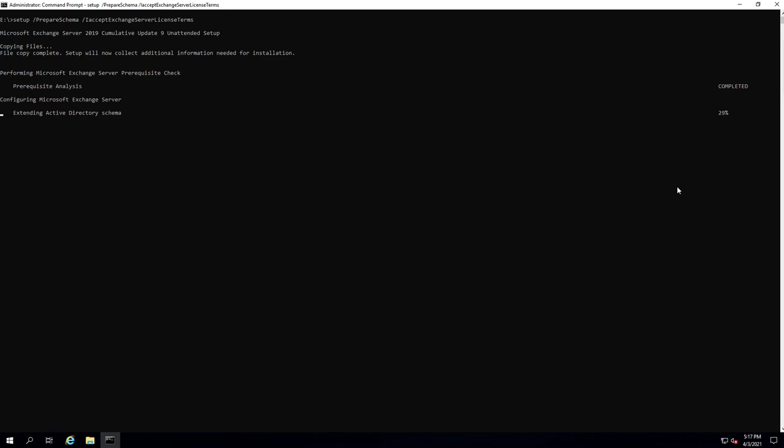I'm going to reboot as soon as this is done, and then I'll see you in the final part of part 8 to install Exchange 2019 from the command line — no GUI interface, like we did with 2013. Once that's done, we'll have coexistence running. See you in the next part, thank you very much for watching.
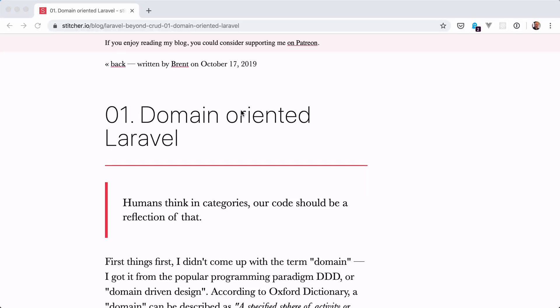Hi, everybody. A while ago, my colleague Brent published a blog post called Domain-Oriented Laravel. In that blog post, he makes the case for organizing your code around domains.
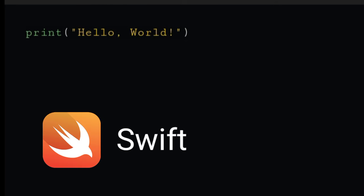In Swift programming, print is used to display the output of the program. So to display Hello World, write print hello world. It will display hello world on the screen.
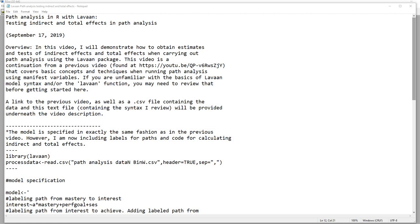Hi folks. In this video, I will demonstrate how to obtain estimates and tests of indirect effects and total effects when carrying out path analysis using the lavaan package. This video is a continuation from a previous video that covers basic concepts and techniques when running path analysis using manifest variables. If you're unfamiliar with the basics of lavaan model syntax or the lavaan function, you may need to review that information before getting started. A link to the previous video, a CSV file containing the data, and this text file will be provided underneath the video description, so be sure to download those and follow along.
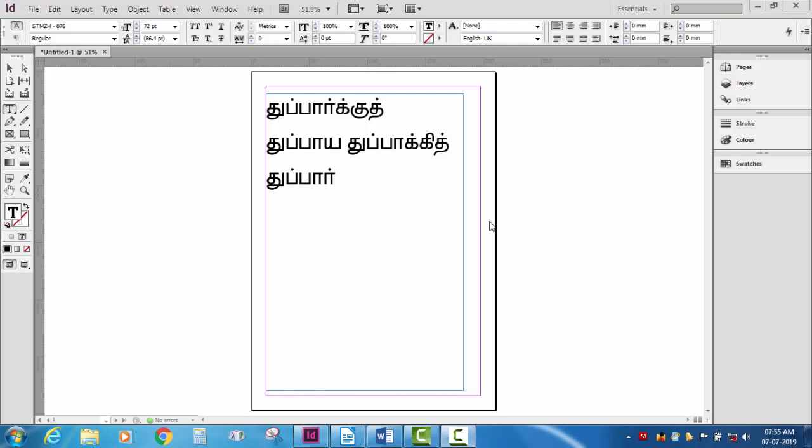This is a video about Adobe InDesign CS6CC. We are using Adobe InDesign CS6CC and MySoftware. We are also using Word for editing purposes.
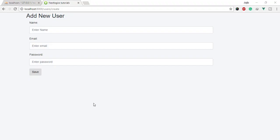Hello guys, welcome to Next Logics Tutorials. In this video you will learn how to validate your form input elements. Laravel provides several different approaches to validate your application's incoming data. Let me add validation rules in the user controller.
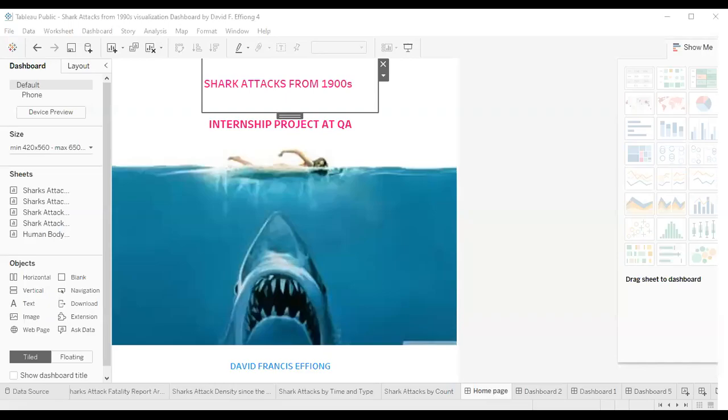Hello. Can you believe that for 100 years, certain species of sharks have been really haunting people around the world? What if you have that type of data? What will you do with it? My name is David Francis, and I got that data during my internship project with Quantum Analytics. With our team, we were able to look at this data critically and generate some insights into it.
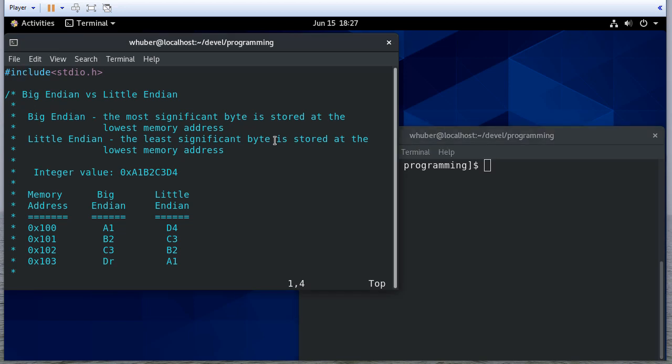In this video we're going to talk about how we can write a C program to determine if the architecture we're running on is Big Endian or Little Endian. In a Big Endian architecture the most significant byte is stored at the lowest memory address. Little Endian reverses that, where the least significant byte is stored at the lowest memory address, or the most significant byte is stored at the end of where that data is stored.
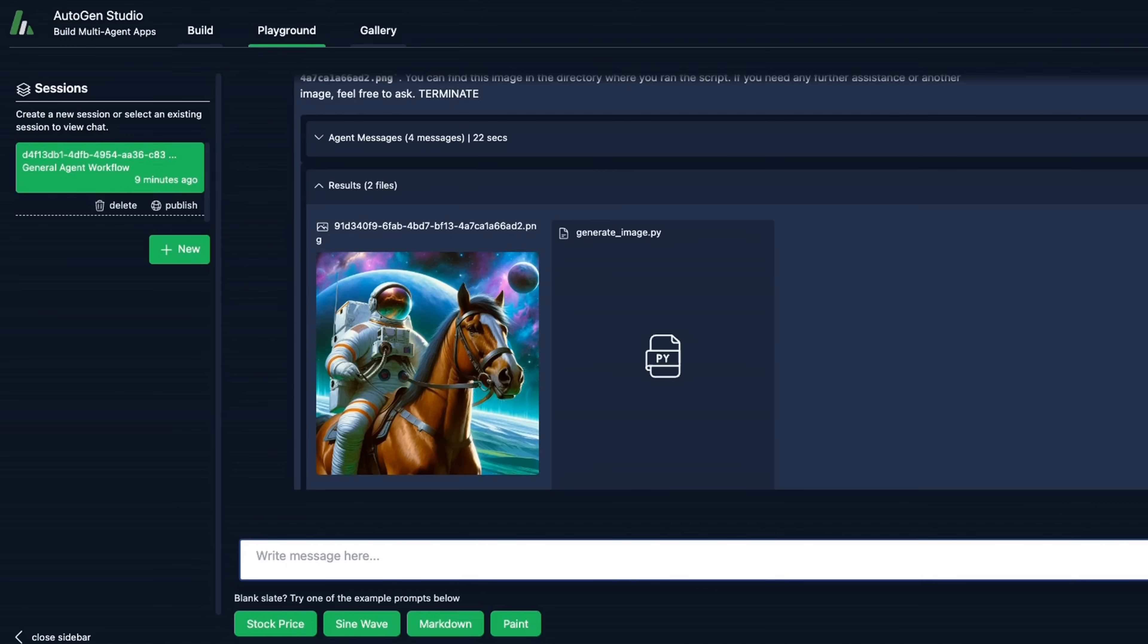This was a quick overview of Autogen Studio. We looked at how to set it up on your local machine. We looked at different functionalities that Autogen Studio offers. And we looked at a couple of examples. I will be creating more content on this and we're going to look at some more complex workflows. I hope you found this video useful. If you did, consider liking the video and subscribe to the channel. Thanks for watching. And as always, see you in the next one.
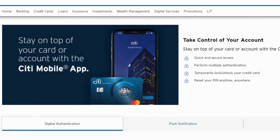And there you have it — your routing number, plain and simple, revealed through the Citibank mobile app. Now, if things look a bit different or you run into any issues, check the app's help section or reach out to Citibank customer support for further assistance.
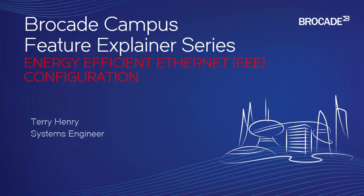This is the Brocade Campus Feature Explainer Series. I'm Terry Henry. In this episode, we're going to talk about energy-efficient Ethernet configuration, which is part of the 802.3AZ standard.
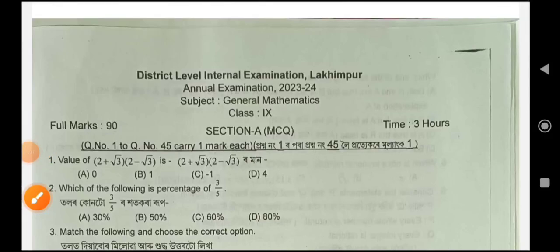Hello everyone, welcome to this video. This video is located in Lakhimpur district. Class 9, annual examination 2024 general mathematics question paper.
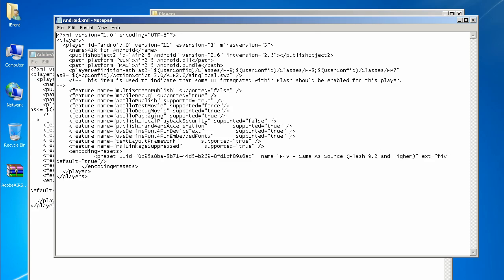Now what we're doing is changing the references. Here I am in the Android XML — there's a line that says player ID Android_0 and then it says version 11. We want to change that to version 12. Go ahead and save — Control+S to save. So we change that to version 12.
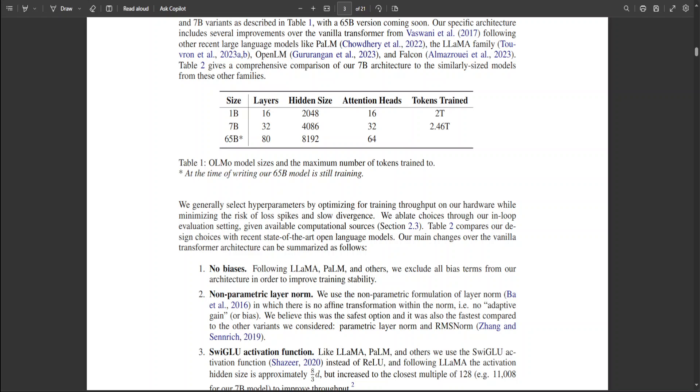More layers means more powerful and larger the LLM will be. Hidden size, the second one, simply refers to the dimensionality of the internal vectors that represents the data within the model's layers.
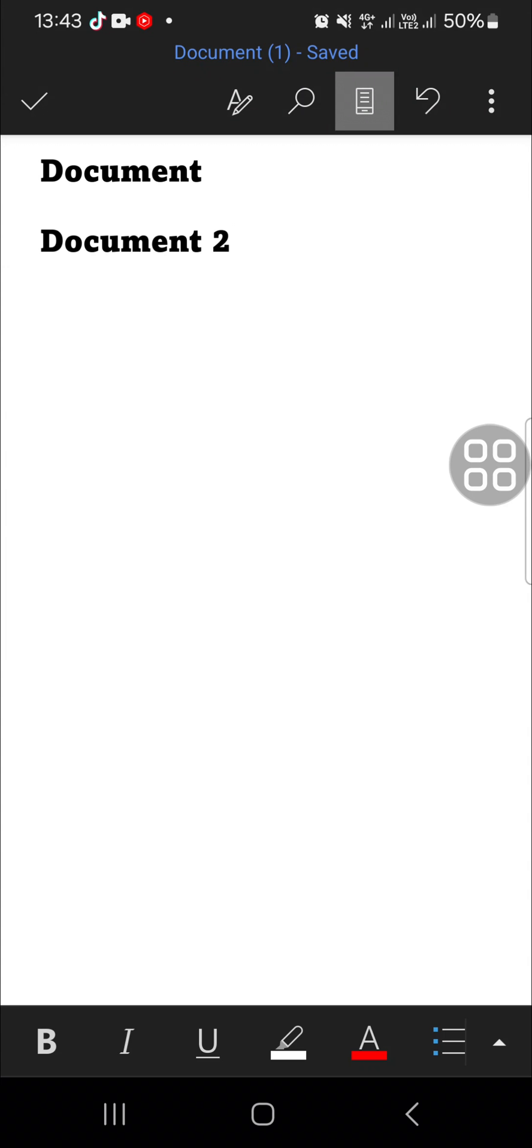Hello guys, welcome back to this channel. In today's tutorial, I'm going to show you how we can change font size in Microsoft Word mobile. Okay, let's get into it. Here I have opened my document in Microsoft Word on my mobile phone.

# [YOUR INSTRUCTIONS]
Leave the pictures out. Extract exactly the lines running from the one with "Hello everyone, welcome" through the last entry, both ends included.

# [EXERCISE RESPONSE]
Hello everyone, welcome to this video. This video is located in Lakhimpur district. Class 9, annual examination 2024 general mathematics question paper.
Now what we're doing is changing the references. Here I am in the Android XML — there's a line that says player ID Android_0 and then it says version 11. We want to change that to version 12. Go ahead and save — Control+S to save. So we change that to version 12.
More layers means more powerful and larger the LLM will be. Hidden size, the second one, simply refers to the dimensionality of the internal vectors that represents the data within the model's layers.
Hello guys, welcome back to this channel. In today's tutorial, I'm going to show you how we can change font size in Microsoft Word mobile. Okay, let's get into it. Here I have opened my document in Microsoft Word on my mobile phone.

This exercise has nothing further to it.